With the pull request created, it will end up in the Magic Lantern repository for approval by the development team.

Audionut

I had to hunt around online, to work out what line to put into the TortiseHG settings, to open an editor, for editing files.

The only thing I found was a guide for emacs.  I would really prefer to use something simple like leafpad. 
Does anyone know the correct syntax to make TortoiseHG use leafpad instead?

a1ex

Wow, nice tutorial! This made me actually try tortoisehg (I was using hgview + qct + command line).

First tip: the filter toolbar is hidden by default. Click on the loupe and you can choose the branches from a drop-down list (much faster than scrolling around).

First surprise: where did the merging conflicts came from? I did check if 5D3-123 merges cleanly with unified and iso-research last night...

Turns out, command-line hg auto-resolves simple conflicts (which I didn't even regard as conflicts). Enabled "Auto-resolve merges" and... no more conflicts!


Audionut

It looks like it might be conflicting some file changes in the branch being merged, with some sort of old local file copy.  Not really sure.
But some of these so called conflicts, certainly shouldn't be classed as such.

Thanks for the extra tips.

You can right click on a commit and export a patch, backout the changeset, etc, etc.

thebeagle

I work at a place that has hundreds of branches in hg. The only way I know of to access them in tortoisehg (or hgview for that matter) is through the dropdown  or the 'loop' search tool. The loop search tool is good if you know the name of the branch you want, but sometimes I don't know the exact name and it would be nice to be able to browse the list of branches. Does anyone know a good way to do that?

Scrolling through the dropdown is way too slow when there are hundreds/thousands of branches.  The dropdown allows the user to type in the name but you have to be fast and accurate with your typing as it cuts you off if you type too slow (it's an infuriating sport to try your hand at!) If you click outside of the dropdown you have to start your search all over.

I just discovered that I can use the 'page up' and 'page down' keys on my keyboard to kind of fast forward through the dropdown. That helps. Any other tips for this dilemma?

Audionut

You can submit your pull requests to branches in ML.  Select the required branch in the marked box.


Audionut

With the new bitbucket UI, there doesn't appear to be a way to sync your forks.  edit:  Found the option.

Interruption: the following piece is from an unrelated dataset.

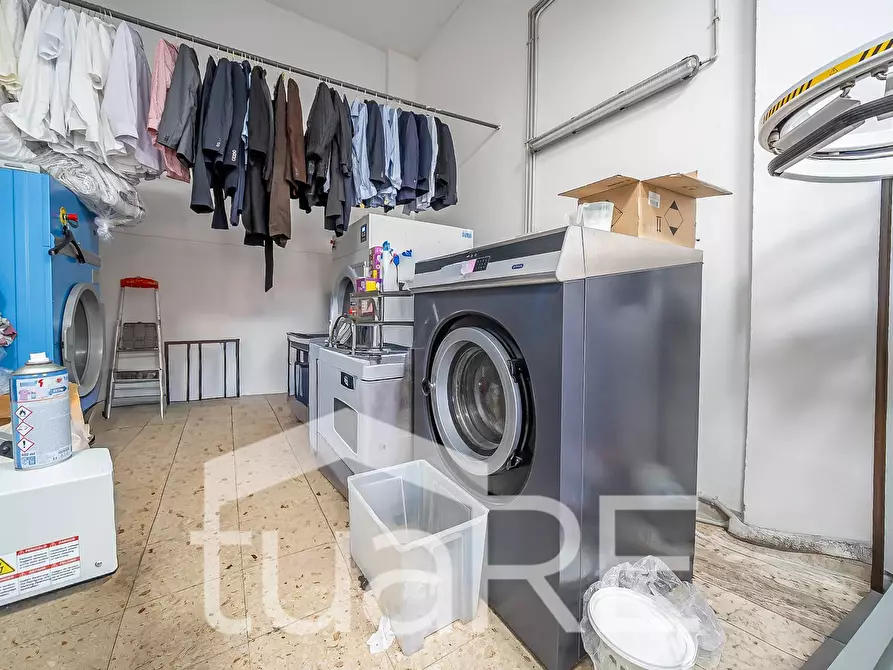 Immagine 6 di Negozio in vendita  in Via Luigi Kossuth a Roma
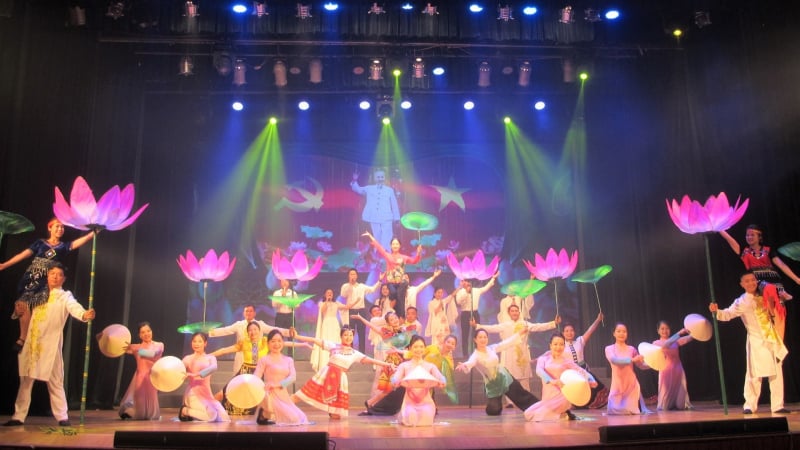 le-hoi-lang-sen-quy-mo-toan-quoc:-khanh-thanh-thap-9-tang-va-tuong-dai-“bac-ho-ve-tham-que”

Also, after creating a pull request, when you push changes to your fork (in the same branch), the pull request gets automatically updated.  This may be useful, or, not so useful, depending on your proficiency.

edit:  https://bitbucket.org/site/master/issue/5231/pull-requests-should-update-with-newest

ravibharath

Hi All,

I am new to TortoiseHg Workbench. I have updated one file in a branch called A and committed it. I would like to have this update alone (not others) in another branch called B. Is it possible in Tortoisehg GUI?


Thanks
Ravi

dmilligan

Easiest way would be to export that one change as a patch, and then switch branches and apply the patch.